Leïla Slimani orchestre avec beaucoup de maîtrise un drame implacable porté par une baby-sitter (presque) parfaite.
"Le bébé est mort. Il a suffi de quelques secondes. Le médecin a assuré qu'il n'avait pas souffert." Près de lui, dans la salle de bains, Mila, sa "grande" soeur, succombera très vite; enfin, complétant le tableau, au pied du lit à barreaux, gît Louise, la nounou, poignets sectionnés, couteau dans la gorge: "Elle n'a pas su mourir." En trois petites pages d'ouverture, l'auteur nous plonge dans l'innommable. A la quatrième, la vie reprend son cours, ou, plutôt, fait marche arrière. Et la belle Leïla Slimani de dérouler son implacable récit.
Quelques mois après la naissance de leur second enfant, Myriam et Paul se décident à faire appel à une baby-sitter - Paul, producteur de musique, a des horaires erratiques, Myriam souhaite exercer son métier d'avocate pénaliste.
Un style faussement détaché
Séance de casting: c'est Louise, frêle quinquagénaire, qui est retenue. Un choix évident, "comme un coup de foudre amoureux", note le narrateur. Bonne pioche: Louise amadoue les enfants, organise de fastueux anniversaires, s'occupe du ménage, de la cuisine, bref, se rend vite indispensable. La fée du logis devient la source infaillible du bonheur familial...

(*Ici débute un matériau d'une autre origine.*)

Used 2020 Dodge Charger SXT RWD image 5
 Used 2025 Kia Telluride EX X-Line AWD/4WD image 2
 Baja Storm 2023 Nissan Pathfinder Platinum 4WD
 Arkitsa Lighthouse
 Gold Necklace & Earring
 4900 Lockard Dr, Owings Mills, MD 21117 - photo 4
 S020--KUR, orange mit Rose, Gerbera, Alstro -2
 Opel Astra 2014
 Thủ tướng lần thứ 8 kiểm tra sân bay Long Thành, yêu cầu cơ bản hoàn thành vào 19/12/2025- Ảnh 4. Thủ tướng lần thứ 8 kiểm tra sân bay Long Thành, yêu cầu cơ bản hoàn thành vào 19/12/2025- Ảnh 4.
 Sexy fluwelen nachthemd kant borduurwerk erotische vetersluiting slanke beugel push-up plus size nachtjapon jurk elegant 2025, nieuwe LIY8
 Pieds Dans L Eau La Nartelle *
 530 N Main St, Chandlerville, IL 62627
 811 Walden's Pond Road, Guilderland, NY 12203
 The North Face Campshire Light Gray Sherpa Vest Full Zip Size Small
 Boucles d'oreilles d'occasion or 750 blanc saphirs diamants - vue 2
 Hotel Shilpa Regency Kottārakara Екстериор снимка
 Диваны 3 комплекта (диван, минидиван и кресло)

Evidemment, le lecteur est aux aguets, impatient de déceler le moindre indice annonciateur du drame à venir. Tout l'art de l'écrivain, déjà manifeste dans son premier roman, Dans le jardin de l'ogre, est là: sa façon de distiller les bémols, d'alerter sur telle ou telle incongruité relève d'une belle maîtrise, d'autant qu'elle est portée par un style épuré et faussement détaché des plus efficaces. Un (macabre) enchantement.
Par Marianne Payot
CHANSON DOUCE, PAR LEÏLA SLIMANI. GALLIMARD, 240P., 18€.